EXERCISE GOAL
Transcribe exactly the lines from the one containing "ZARA Red and" through the end of the data, both included. Leave out pictures.

RECORD EXTRACTS
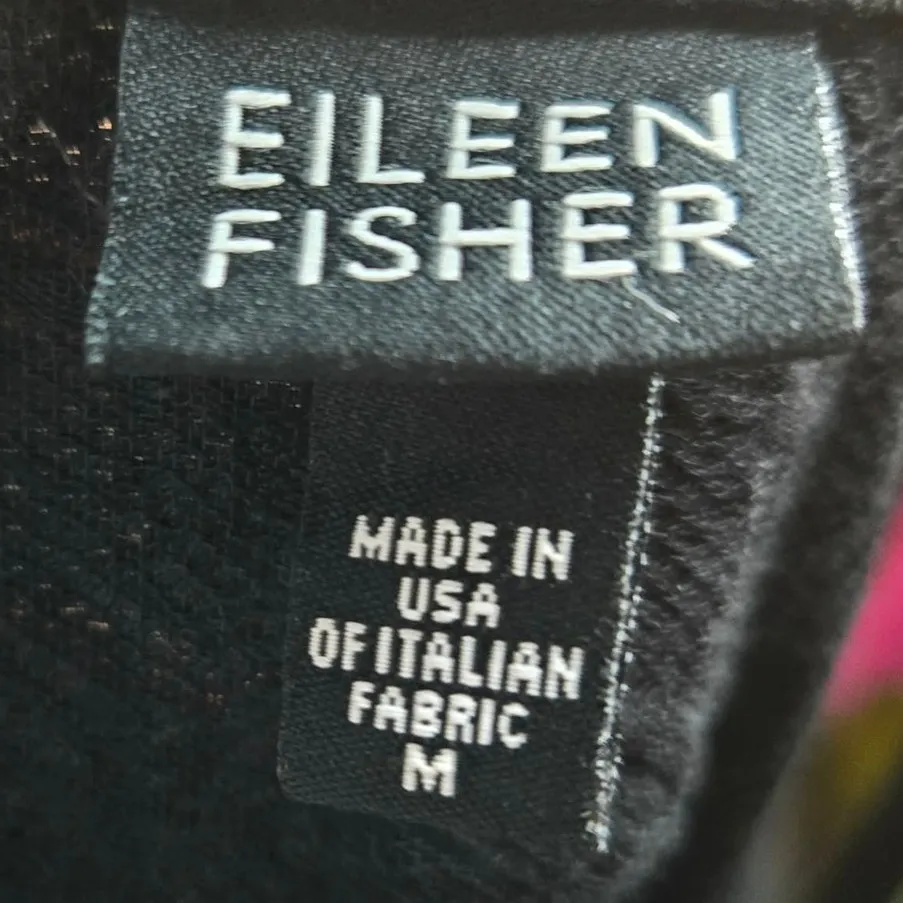 Eileen Fisher Black Jacquard Swirl Single Button Duster Long Cardigan Size M - Image 3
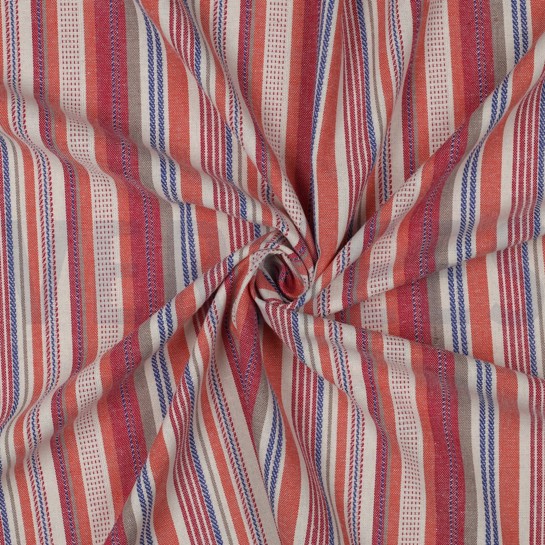 LINNEN VISCOSE GARENGEVERFD STREPEN MULTI #7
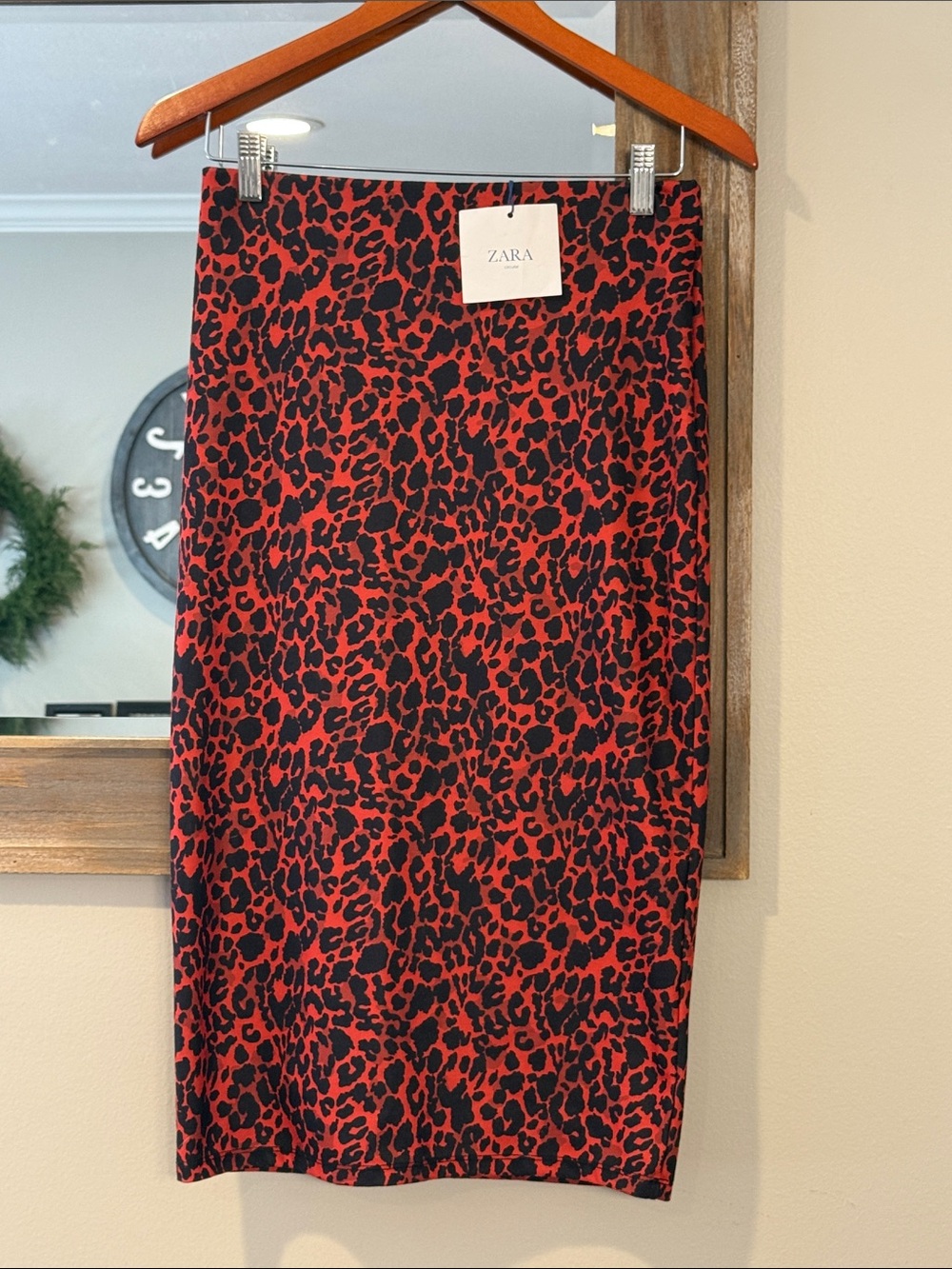 ZARA Red and Black Leopard-Print Pencil Skirt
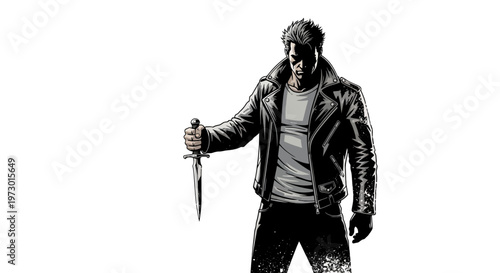 Man in leather jacket holding a knife, dramatic pose, black and white illustration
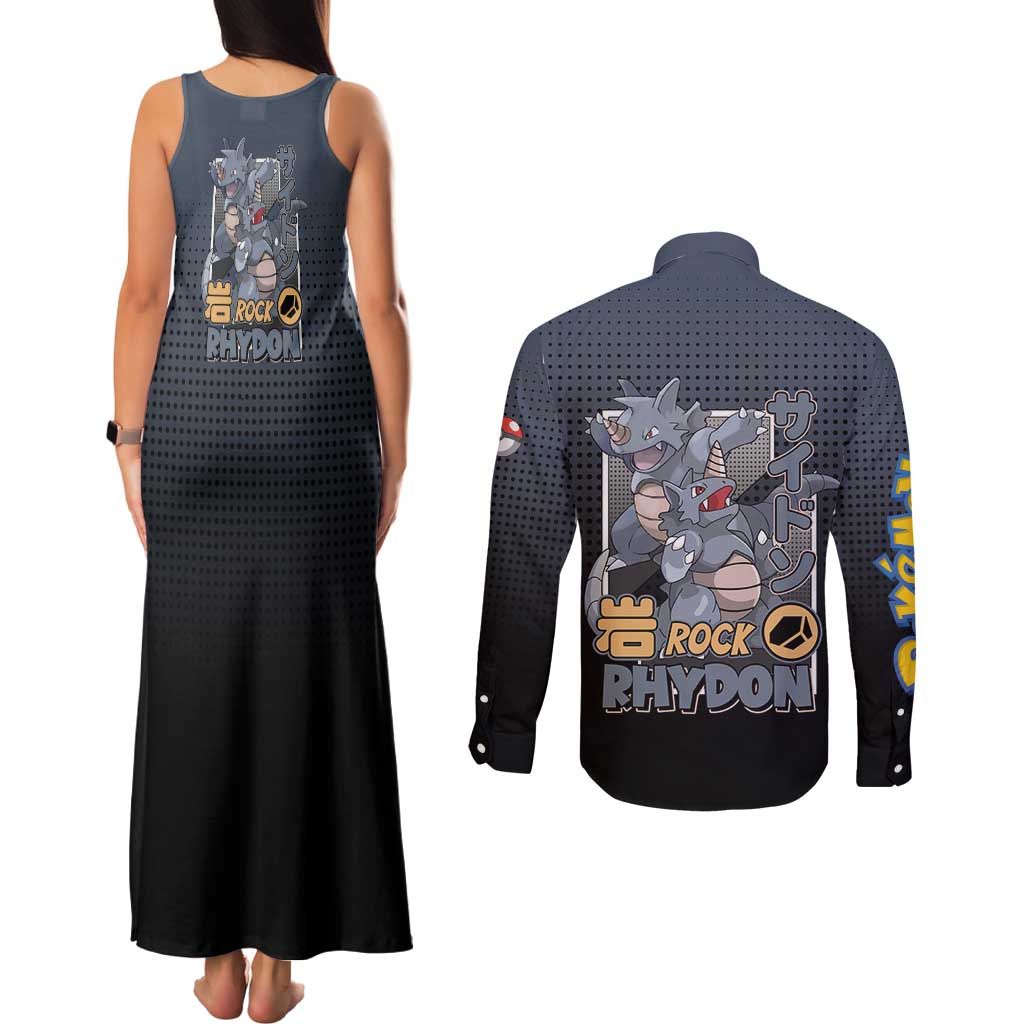 Rhydon Poké Couples Matching Tank Maxi Dress and Long Sleeve Button Shirt with Rock Type Icon Design and Battle Ready Pose Print - The Mazicc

ANSWER FOR THIS EXERCISE
 ZARA Red and Black Leopard-Print Pencil Skirt
 Man in leather jacket holding a knife, dramatic pose, black and white illustration
 Rhydon Poké Couples Matching Tank Maxi Dress and Long Sleeve Button Shirt with Rock Type Icon Design and Battle Ready Pose Print - The Mazicc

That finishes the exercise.